In the book, Harry Destry is a proud and boastful punk who likes to go around proving he can out-ride, out-shoot, and generally out-do any man he meets.  He gets blamed for a train robbery he didn't commit, and the jury sentences him to prison because they don't like him.  When he gets out of prison, he sets about ruining or killing the jurymen... and if you're thinking this sounds like a western version of The Count of Monte Cristo, well, I thought so too.  And, as that's my second-favorite book of all time, I very much enjoyed that similarity!  But unlike Edmund Dantes, Harry Destry has one worth opponent who nearly bests him. 

Also unlike Edmund Dantes in Monte Cristo, Harry Destry discovers the emptiness of revenge before he loses the woman he loves or the boy who has helped him survive the frightened wrath of those he's hunting.  The ending of this book was so full of shiny awesome that I know I'll be re-reading this book again and again in the coming years.

Particularly Good Bits:  

Then silence gathered the house softly in its arms (p. 99).

Bullets fired from the saddle on a galloping horse are rarely more dangerous than a flight of wild sparrows (p. 108).

The wolf on the trail is a sleepy thing, and the wildcat is totally unobservant, compared with the eye of a young boy (p. 178).

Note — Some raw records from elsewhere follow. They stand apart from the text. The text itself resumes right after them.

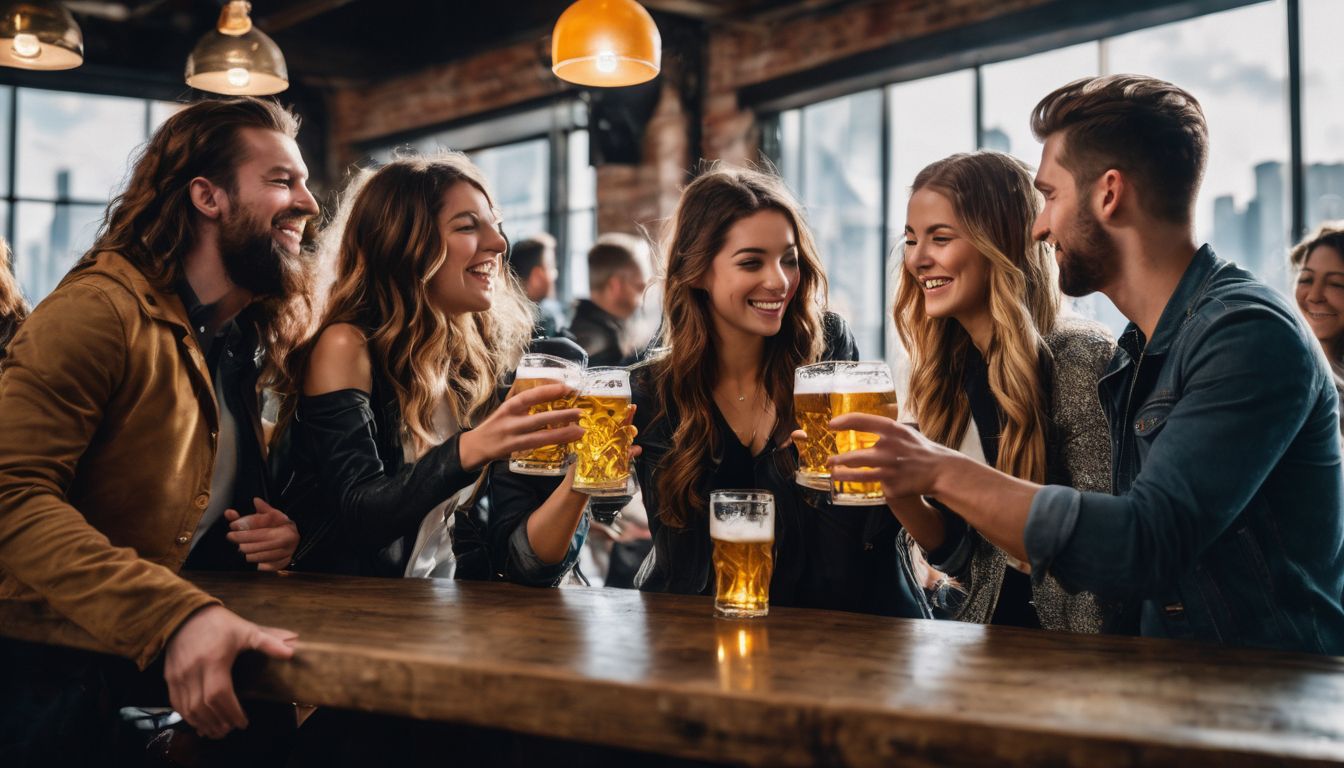 Group of friends toasting in a brewery with diverse backgrounds and styles.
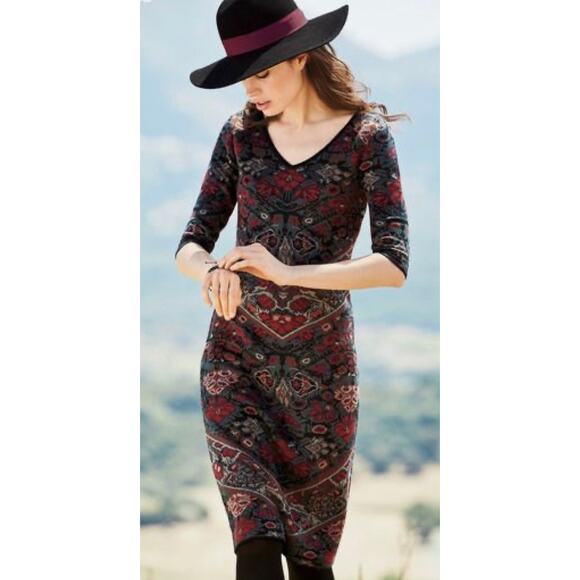 Peruvian Connection V-Neck Long Sleeve Short Knit Dress Pima Cotton Autumn XS - Picture 1 of 6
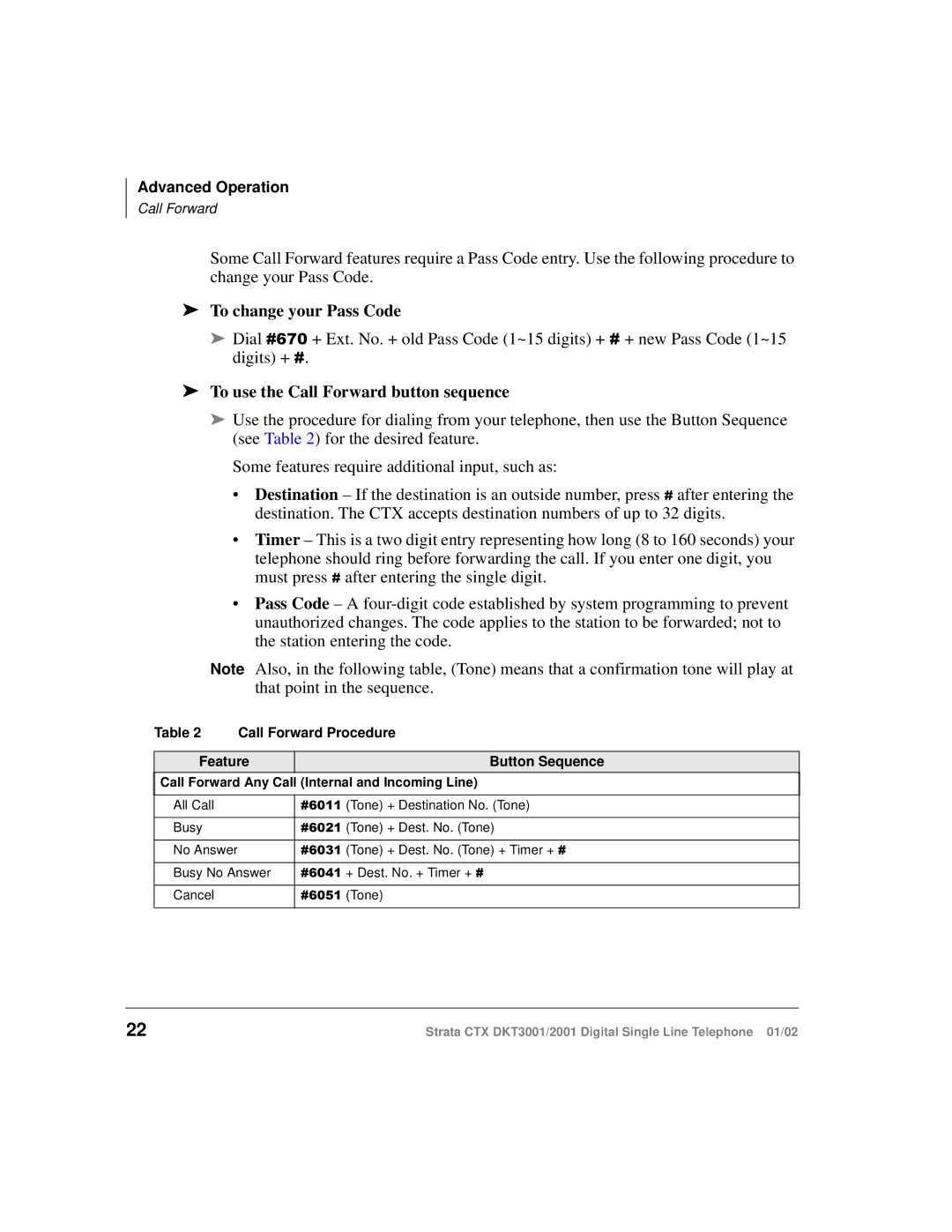 Toshiba DXT3001, 2001 manual To change your Pass Code, To use the Call Forward button sequence, Call Forward Procedure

Too much is made of guilty consciences.  They generally begin to work on criminals after the stern hand of the law has grasped them by the nape of the neck (p. 224).

If This was a Movie, I Would Rate It:  A strong PG for western violence of many sorts, some mild bad language, and a lot of suspenseful situations.  



This is my sixth book read and reviewed for the Adventure of Reading Challenge.